Das Weihnachtssymbol - der Karpfen - gehört in Polen zu den zwölf Pflichtgerichten am Heiligen Abend. Er wird gekocht, kalt in Gelee serviert oder gebraten mit Champignons. Bis der Karpfen auf den Teller kommt, muss er jedoch einen langen Weg überwinden.

Von Katarzyna Tuszynskja |
    Aufgewachsen ist unser Karpfen in einem Teich in der Kaschubei bei Danzig. Etwa ein Jahr hat es gedauert, bis er über ein Kilo Gewicht erreicht hat.
    Diese Zeit war nicht ungefährlich, denn da gab es Angler, die ihm verbotenerweise nachstellten.

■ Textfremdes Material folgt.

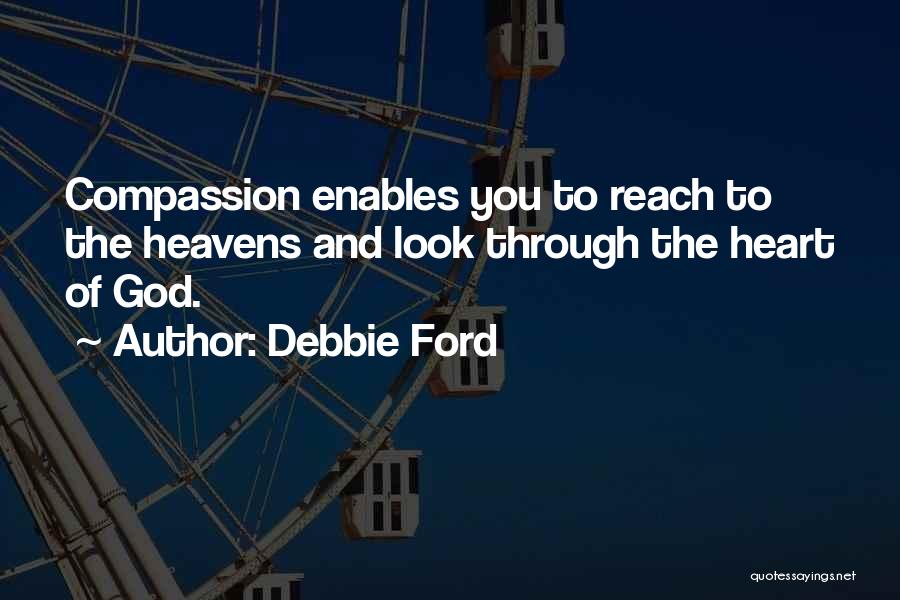 Debbie Ford Quotes: Compassion Enables You To Reach To The Heavens And Look Through The Heart Of God.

    Genau das will Edmund Kieszkowski vom Anglerkreis in Danzig verhindern. Der Mann mit der kräftigen Statur und schwarzer Jacke überwacht die Seen in der Kaschubei. Aber alle Feinde kann er nicht von den Karpfen fernhalten. Einige lauern auch unter Wasser:

    "Die größte Gefahr für den Karpfen sind Hecht, Zander und Barsch. Ein weiterer Wilderer ist der Kormoran."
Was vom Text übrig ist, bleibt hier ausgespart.